Santa Rosa (St. Rose), the county-seat of Sonoma County, is fifty-seven miles northwest of San Francisco.

An interesting story is told of Santa Rosa de Lima, said to be the only canonized female saint of the New World. She was born at Lima, in Peru, and was distinguished for her hatred of vanity, and her great austerity, carrying these characteristics to such an extreme that she destroyed her beautiful complexion with a compound of pepper and quicklime. When her mother commanded her to wear a wreath of roses, she so arranged it that it was in truth a crown of thorns. Her food consisted principally of bitter herbs, and she maintained her parents by her labor, working all day in her garden and all night with her needle. The legend relates that when Pope Clement X was asked to canonize her, he refused, exclaiming: “India y Santa! Asi como llueven rosas!” (An Indian woman a saint! That may happen when it rains roses!) Instantly a shower of roses began to fall in the Vatican, and did not cease until the Pope was convinced of his error. This saint is the patroness of America, and is represented as wearing a thorny crown, and holding in her hand the figure of the infant Jesus, which rests on full-blown roses.—(Stories of the Saints.)

MENDOCINO COUNTY

Mendocino County, in the northwestern part of the state, is distinguished for its extensive forests of redwoods. The main belt of these trees extends through this county, and they may here be seen in their highest development. They vary in height from 100 to 340 feet, and reach a diameter of from two to sixteen feet, having a red, fibrous bark sometimes a foot in thickness. Notwithstanding their great size, the delicacy of their foliage, which takes the form of flat sprays, gives them a graceful, fern-like appearance. The age of mature redwoods is said to range from 500 to 1300 years. The special characteristics of the wood of these trees are, its durability when buried in the soil, and its resistance to fire. Commercially it is valuable for many purposes, being preferred to steel for water supply conduits, and, in the form of saw-dust, found to be better than cork for packing fresh grapes.—(Notes from The Trees of California, by Professor Willis Linn Jepsen, of the University of California.)

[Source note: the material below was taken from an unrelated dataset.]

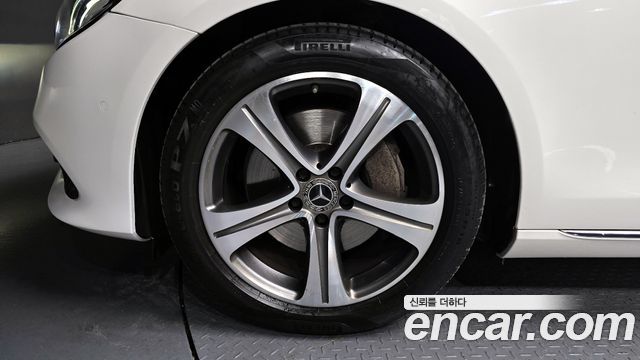 Mercedes-Benz E-Class E300 Avantgarde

Probably the first written mention of these trees occurs in the diary of Gaspar de Portolá, the discoverer of San Francisco Bay, whose attention was attracted to them while on his way up the coast, and from whom they received the name of palo colorado (redwood). Altogether, the credit of their discovery seems to belong to Portolá, although it has been given by some persons to Archibald Menzies, who wrote a description of the trees in 1795.

The village of Mendocino is on the coast, about 130 miles northwest of San Francisco. The name was first applied to the cape, which was discovered by Juan Rodríguez Cabrillo, in 1542, and named by him for Don Antonio de Mendoza, first viceroy of New Spain.